• REQUIRED ACTION:
Only the lines from the one with "Images of saban's woven work." through the final line below belong in the answer, copied exactly and without pictures.
##########
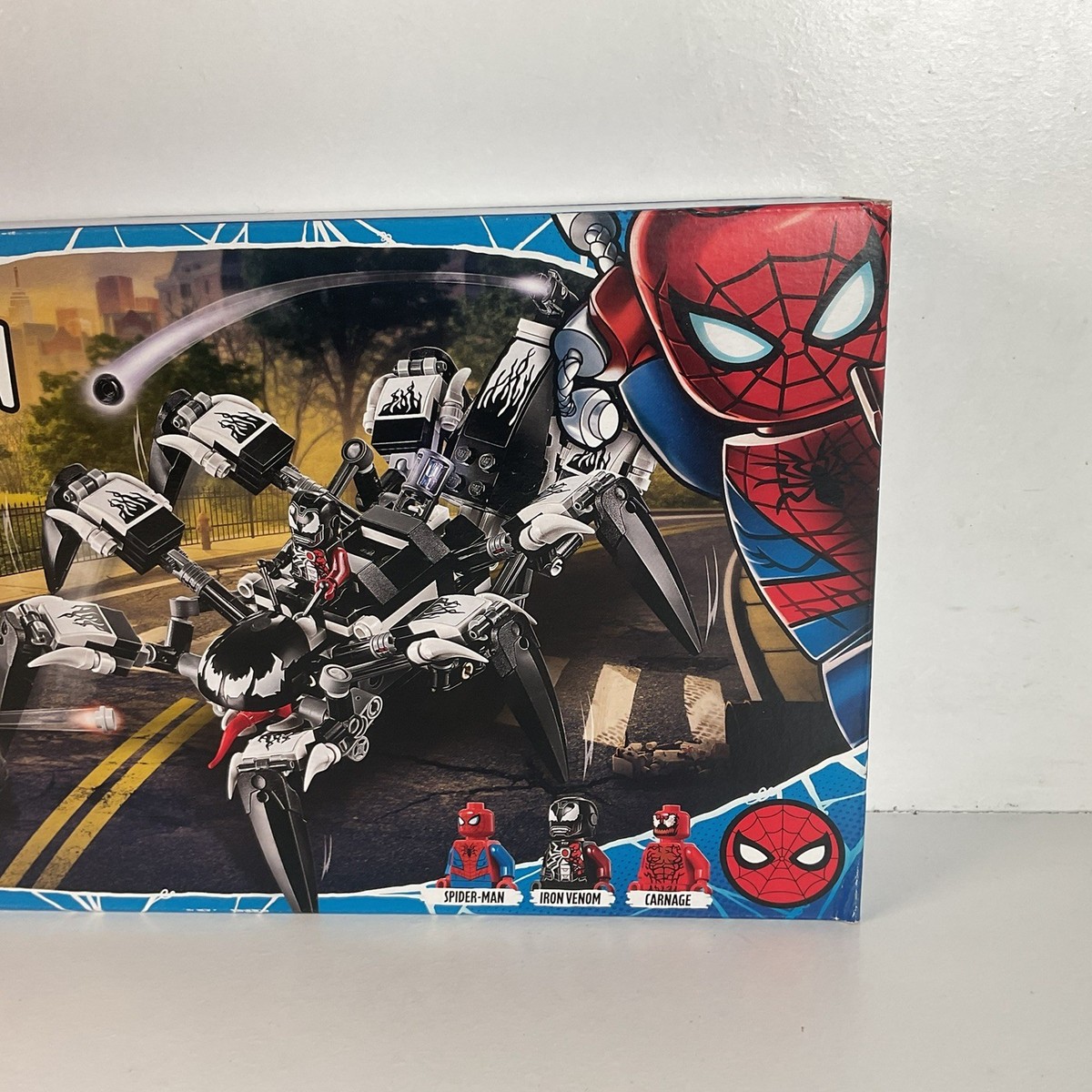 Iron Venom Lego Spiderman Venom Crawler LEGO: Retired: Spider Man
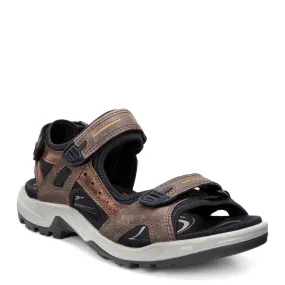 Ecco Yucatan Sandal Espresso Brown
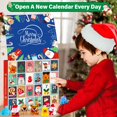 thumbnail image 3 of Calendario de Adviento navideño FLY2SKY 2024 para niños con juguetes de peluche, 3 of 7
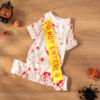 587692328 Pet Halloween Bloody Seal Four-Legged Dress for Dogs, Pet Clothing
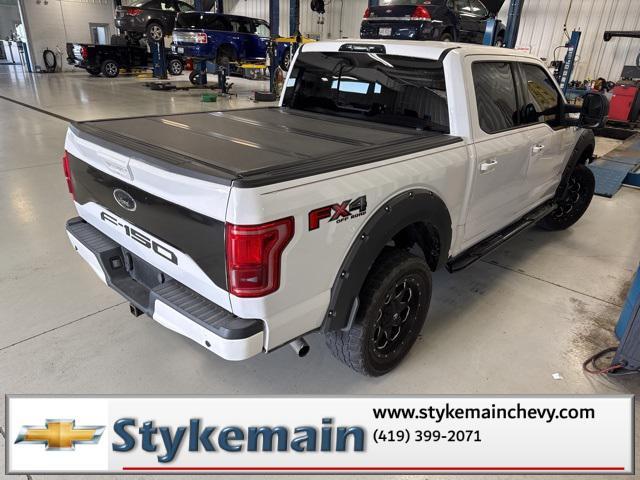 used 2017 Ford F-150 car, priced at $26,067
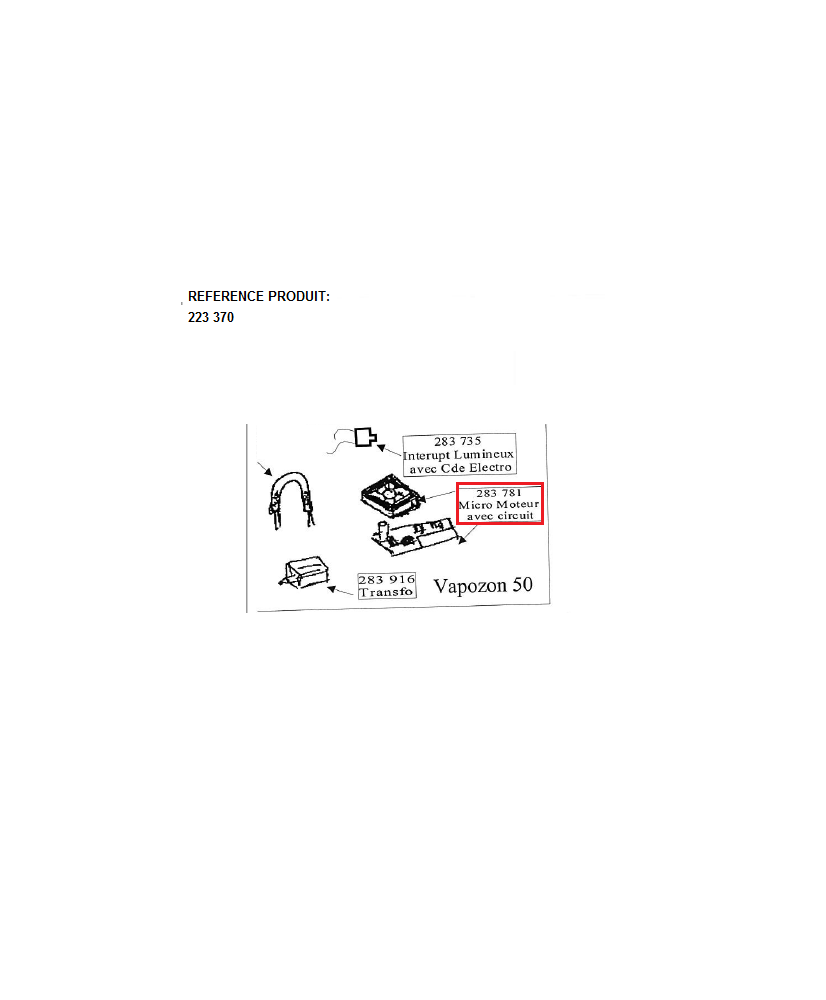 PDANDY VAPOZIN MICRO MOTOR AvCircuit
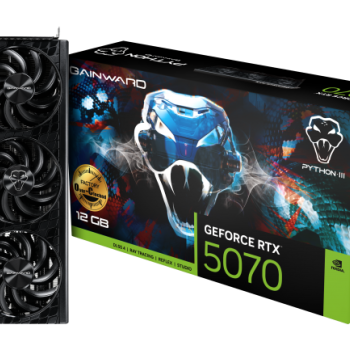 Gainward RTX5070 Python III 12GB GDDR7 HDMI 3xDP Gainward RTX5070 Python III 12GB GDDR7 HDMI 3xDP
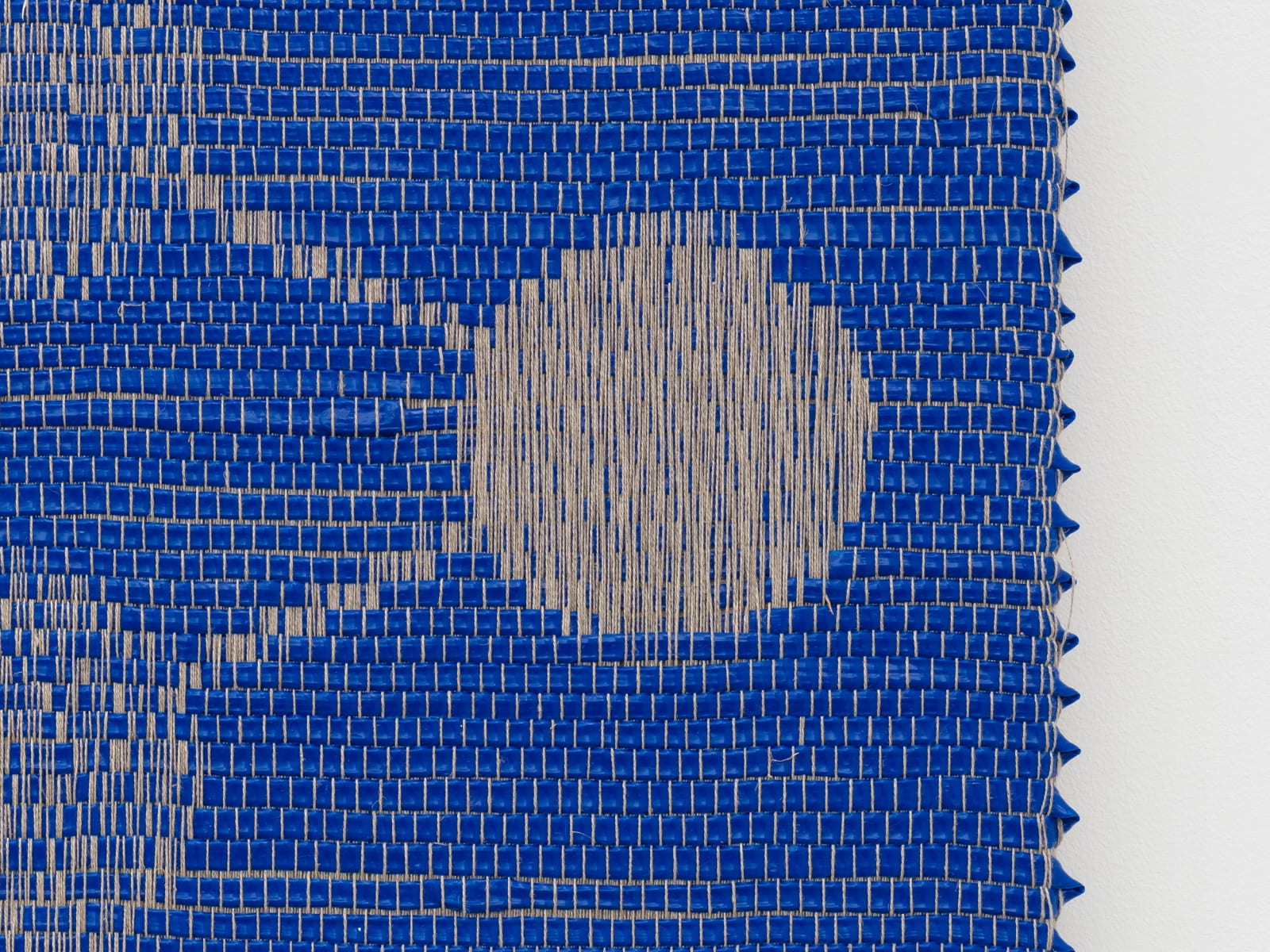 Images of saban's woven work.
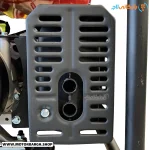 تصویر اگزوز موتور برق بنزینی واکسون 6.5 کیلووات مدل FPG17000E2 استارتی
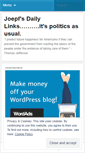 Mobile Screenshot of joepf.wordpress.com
##########
• SOLUTION BELOW:
 Images of saban's woven work.
 تصویر اگزوز موتور برق بنزینی واکسون 6.5 کیلووات مدل FPG17000E2 استارتی
 Mobile Screenshot of joepf.wordpress.com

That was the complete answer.